## Manova

The difference between ANOVA and MANOVA (Multivariate Analysis of Variance) is that MANOVA deals with more 
than two dependent variables for variance analysis. 
Like ANOVA, MANOVA has both a one-way and a two-way analysis. 
The number of factor variables involved distinguish a one-way MANOVA from a two-way MANOVA. 

In the example below, the null hypothesis is that the two-dimensional mean-vector of 
water hardness and mortality is the same for cities in the North and the South. 
It can be tested by Hotelling-Lawley test in MANOVA. 
The R function `manova` can be used to fit such a model. 
The corresponding summary method performs the test specified by the test argument. 

The water hardness and mortality data for 61 large towns in England and Wales can be 
obtained from HSAUR package in R.

In [None]:
library(HSAUR)
data("water", package = "HSAUR")
head(water)
str(water)

In [None]:
summary(manova(cbind(hardness, mortality) ~ location, data = water), test = "Hotelling-Lawley")

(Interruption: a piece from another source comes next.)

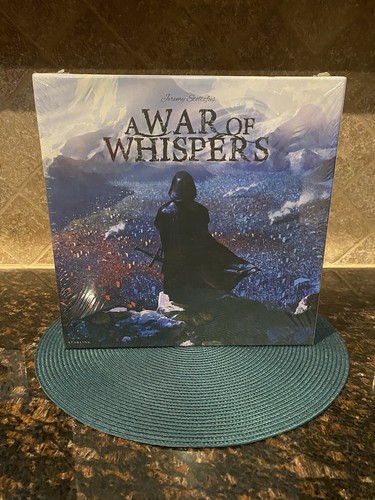 War whispers standard - of,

The `cbind` statement combines hardness and mortality into a multivariate response variable to be modelled. 
The p-value associated with the Hotelling-Lawley statistic is very small. 
It indicates a strong evidence that the mean vectors of the two variables are not the same in the two regions.

**NOTE:** That we have changed modeling to be a _multivariate_ dependent, as a 2-tuple in this case `(hardness, mortality)`.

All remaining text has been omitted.